Beneath this instruction is a listing; print exactly the lines in it starting at the line that contains "Ich roff dich viel! sweatshirt" and going through the line that contains "白内障之瞳，梦与现实的色彩交织".

=== AVAILABLE DATA ===
::::::::::
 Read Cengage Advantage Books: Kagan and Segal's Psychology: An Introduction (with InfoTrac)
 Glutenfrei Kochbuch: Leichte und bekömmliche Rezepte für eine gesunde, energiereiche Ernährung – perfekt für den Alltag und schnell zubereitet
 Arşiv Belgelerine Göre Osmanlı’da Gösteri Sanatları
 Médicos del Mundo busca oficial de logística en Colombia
::::::::::
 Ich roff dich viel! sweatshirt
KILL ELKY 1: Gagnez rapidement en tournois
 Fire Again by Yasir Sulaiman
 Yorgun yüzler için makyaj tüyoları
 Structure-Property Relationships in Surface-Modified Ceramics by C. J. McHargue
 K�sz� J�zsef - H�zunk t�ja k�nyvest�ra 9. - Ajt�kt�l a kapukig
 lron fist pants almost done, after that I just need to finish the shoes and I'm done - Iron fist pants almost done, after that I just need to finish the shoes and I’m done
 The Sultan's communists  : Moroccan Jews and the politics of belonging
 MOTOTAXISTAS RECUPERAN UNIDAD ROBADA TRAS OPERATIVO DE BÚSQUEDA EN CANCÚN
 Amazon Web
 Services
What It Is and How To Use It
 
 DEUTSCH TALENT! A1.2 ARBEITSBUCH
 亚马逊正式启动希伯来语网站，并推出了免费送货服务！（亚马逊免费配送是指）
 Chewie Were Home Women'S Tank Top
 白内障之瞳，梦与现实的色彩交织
::::::::::
=== COMPLETED TASK ===
 Ich roff dich viel! sweatshirt
KILL ELKY 1: Gagnez rapidement en tournois
 Fire Again by Yasir Sulaiman
 Yorgun yüzler için makyaj tüyoları
 Structure-Property Relationships in Surface-Modified Ceramics by C. J. McHargue
 K�sz� J�zsef - H�zunk t�ja k�nyvest�ra 9. - Ajt�kt�l a kapukig
 lron fist pants almost done, after that I just need to finish the shoes and I'm done - Iron fist pants almost done, after that I just need to finish the shoes and I’m done
 The Sultan's communists  : Moroccan Jews and the politics of belonging
 MOTOTAXISTAS RECUPERAN UNIDAD ROBADA TRAS OPERATIVO DE BÚSQUEDA EN CANCÚN
 Amazon Web
 Services
What It Is and How To Use It
 
 DEUTSCH TALENT! A1.2 ARBEITSBUCH
 亚马逊正式启动希伯来语网站，并推出了免费送货服务！（亚马逊免费配送是指）
 Chewie Were Home Women'S Tank Top
 白内障之瞳，梦与现实的色彩交织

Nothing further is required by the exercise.